I woke up early on my last day in Laos to the banging of drums moving down my street. I had heard that the Buddhist monks had this procession every day and it was quite the sight to see, but it was at 5:30 in the morning and the thought of finding enlightenment underneath the covers of my comfy bed felt like the more important thing to do, so I did not make it out to witness this. In fact, on my last day I went back to doing the touristy thing.
In fact, I went and did the most touristy thing that the city of Luang Prabang has to offer, Phousi Hill. This hill stands in the middle of town and I could see the temple on the top from many different angles as I traveled the streets of this town. Many visitors try to make it to the top of this hill right at sunset so they can witness the sun dip down over the horizon and look at the whole town at the same time.
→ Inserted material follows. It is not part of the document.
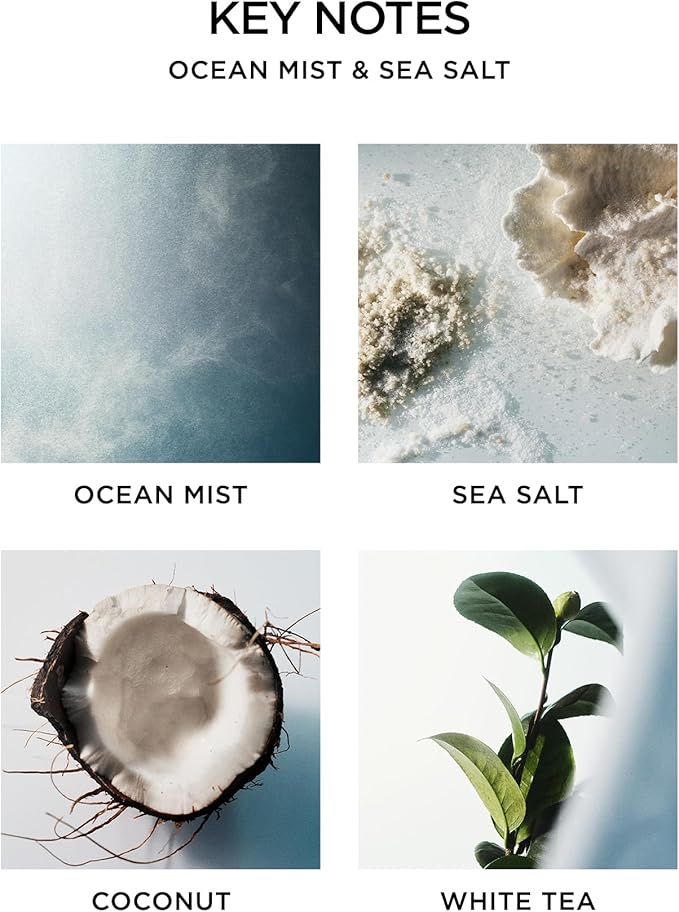 NEST New York Scented Classic Candle, Ocean Mist & Sea Salt - 8.1 oz - Up to 60-Hour Burn Time - Reusable Glass Vessel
I have been told that it can be incredibly packed at this time of the day.
So I tried a different option where I would find solitude away from the craziness of the crowds. I went up early in the morning and it was worth going at the off time. There was nobody out there but us and a small tour group from China. I didn’t have to shove my way to find the best views and deal with the uglier side of humanity. I could relax and enjoy the view at my own leisure.
There are two ways to reach the top. One entrance is right in front of the National Museum and this is the way that most people go. It is easy to find and the route is very direct, but there is another path on the other side of the hill that not many people know about.
This would be the side that I would recommend. There is a whole lot more to see on the other side than on the one most traveled on. Numerous tiny shrines to Buddha exist on the other side and a new marvel awaits you with every turn.
And I am glad that I was not urged on by big crowds as I made my way up this side of the hill. I was able to sit and enjoy the sights without having to hear the click of cameras, and the babble of twelve different languages. There were even a couple of hidden spots that I would not have found if I had followed the crowds, the most exciting being the imprint of Buddha’s foot. I had to wind off the path a bit to see it, but it was worth the small detour.
It was also really cool when I finally made it up the 360 steps to see the town. No, I did not count the steps on the way up, but I was told by the cab driver coming into town that there were 360 of them, and I don’t know if he meant both on the way up and the way back down because it did not feel like that much.
The views were really pretty up there. I was able to survey the whole town. I could point out all of the places I had been while I was up there, and I don’t know if I should have left it for the last thing I did before I left town, but it was a nice way to say bye to this town that had enthralled me for so many days.
I took the more touristy path the way back down the hill, and it was not as exciting. There was a really cool tree on the way down but nothing as notable as the way up. It was the way that most trips end. You whisk yourself off to some airport for some adventure and excitement, and when you make your way back to the airport at the end you are left with a bunch of memories but nothing seems as exciting as when you first made your way to the adventure. It was still an amazing trip that had a lot of memories, and it will be a long time before the memories I create in Laos fade away.